Birçok futbol yorumcusu ve yazar; Cenk Tosun'un Everton'a transfer olmasını, Süper Lig'de yabancı sınırının 14'e çıkarılmasının faydası olarak gösteriyor. Ben farklı düşünüyorum. Cenk'in başarısını, tamamen kişisel bir zafer olarak görüyorum. Tosun yıllarca yedek kalmayı göze aldı, sabretti ve çok çalışarak zirveye ulaştı. Morio Gomez, Demba Ba ile rekabete girmesi elbette Cenk'in performansını artırdı. Ancak Cenk'e daha önceden fırsat tanınsaydı, belki de iki-üç sene önce Everton'a transfer olacaktı.

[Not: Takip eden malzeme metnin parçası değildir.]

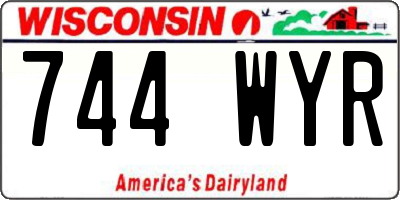WI license plate 744WYR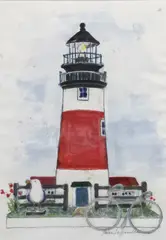 Sankaty Light by Barbara Kauffmann-Locke, Watercolor on Paper, offered Jul 2017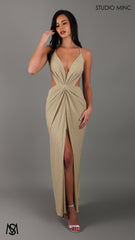 Cosmic - Light Gold Midi Cocktail Dress | Rhinestone glitter stretch jersey plunge V neckline side cut outs backless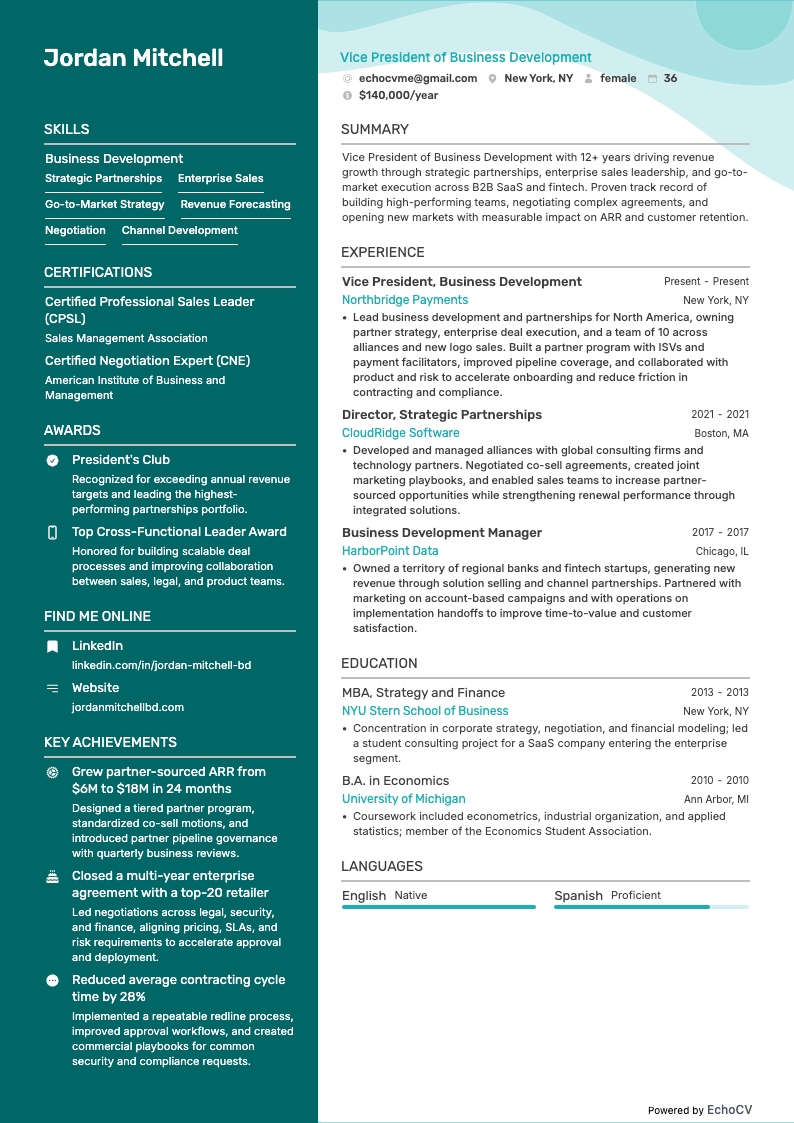 Vicepresidente de Desarrollo de Negocio example resume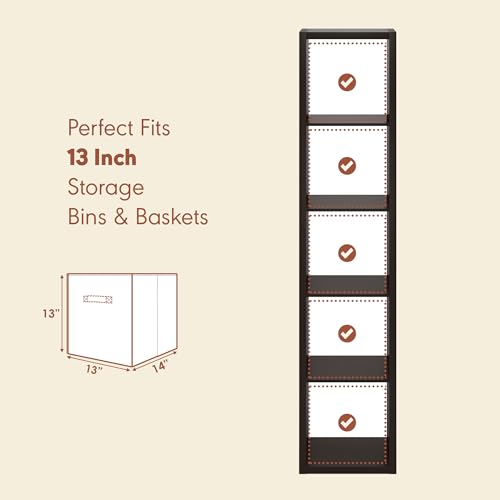 Image of Furinno Cubicle Record Player Stand, 5-Cube Record Storage, Dark Oak | Vinyl Storage, 1.2 inchInch Extra Thick, Open Back Media Shelf for CD DVD Bluray Game Disc, for Living Room, Home Office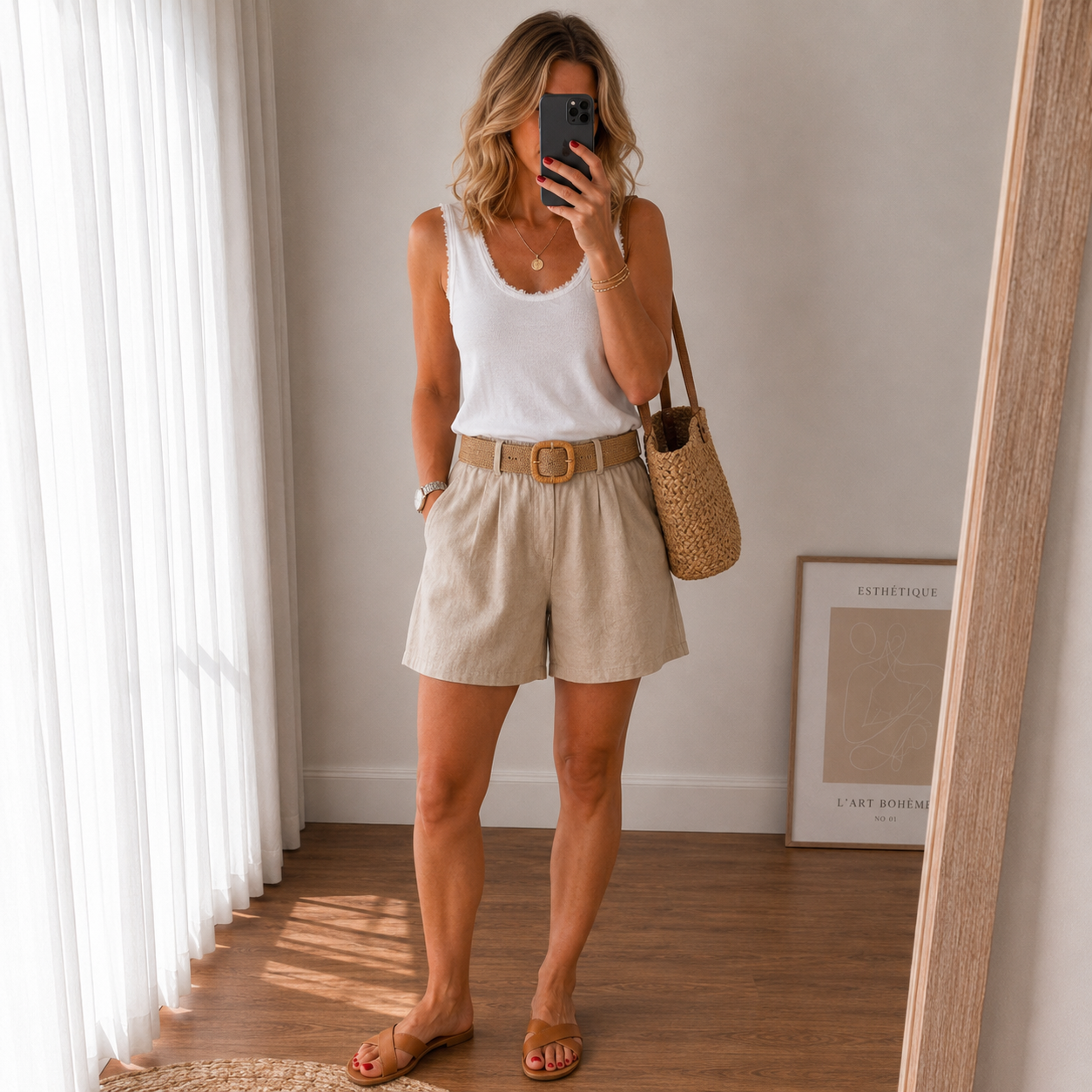 Leinen-Baumwoll-Shorts mit Gürtel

Paris Saint Germain'in Neymar transferinden sonra dengeler altüst oldu. Bugün Avrupa piyasasında Liverpool'un Southampton'dan aldığı Van Dijk gibi süper yetenek sayılmayacak bir savunma oyuncusu 85 milyon Euro edebiliyor. Barcelona, Liverpool'un Brezilyalı yıldızı Coutinho'yu 160 milyon Euro'ya alabiliyor. Katar ve Çin'in futbola yatırımından sonra Türkiye Süper Lig'i iyice gözden düştü; artık 30 yaş altı yetenekli futbolcu almak daha da zorlaştı. 30 ve üstü yaşlarda alınan futbolcuları kar edip satmak neredeyse imkansız. Kulüplerin son beş yılda uğradıkları zarar ise ortada.

Yapılması gereken; yabancı futbolcu transferine radikal bir sınır getirip Cenk Tosun gibi yeteneklere çok daha erken yaşta, yeterli fırsatı sunmaktır. Futbolcu yetiştirmezsek bu çark dönmez!